Anorexic Teens May Exhibit Traits of Autism
Girls with the eating disorder anorexia may tend to have traits that are usually found in people with autism, a new study suggests.
The researchers compared 66 teen girls who had anorexia with about 1,600 girls who did not have the eating disorder, using questionnaires they had previously developed to assess thinking and personality types in children with autism.
The girls with anorexia were found to have more interest in systems and order, and lower scores in empathy — a profile more similar to people with autism than to typical adolescents, the researchers said.
The finding suggests the two conditions may share certain features, such as rigid attitudes and behaviors, a tendency to be very self-focused and a fascination with detail, the researchers said.
"Traditionally, anorexia has been viewed purely as an eating disorder.

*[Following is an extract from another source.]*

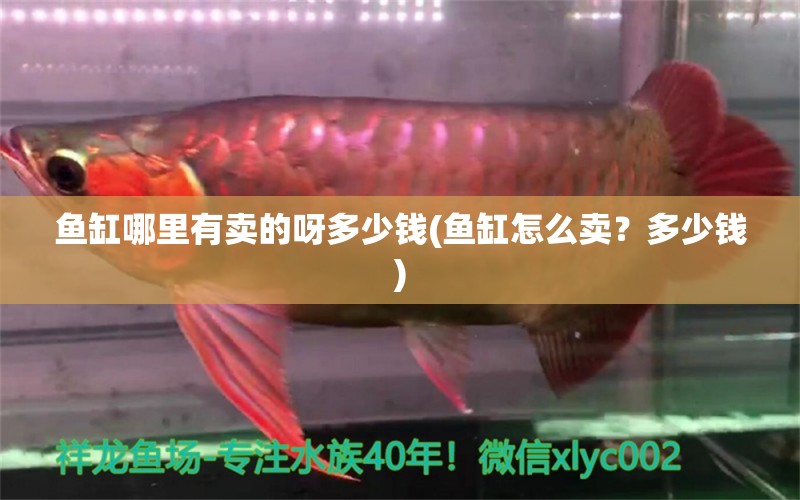 魚缸哪里有賣的呀多少錢(魚缸怎么賣？多少錢) 養(yǎng)魚知識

This is quite reasonable, since the girls' dangerously low weight and their risk of malnutrition or even death has to be the highest priority" for treatment, said study researcher Simon Baron-Cohen, a professor of developmental psychopathology at the University of Cambridge in the U.K.
But the new study suggests that "underlying the surface behavior, the mind of a person with anorexia may share a lot with the mind of a person with autism," Baron-Cohen said. People with both conditions have a strong interest in organizational systems; girls with anorexia are intensely interested in the system that governs body weight, shape and food intake, he said.
Baron-Cohen previously proposed a theory suggesting that people with autism are more geared toward understanding systems, or "systemizing," and are less capable of understanding people's emotions, or empathizing, compared with other people.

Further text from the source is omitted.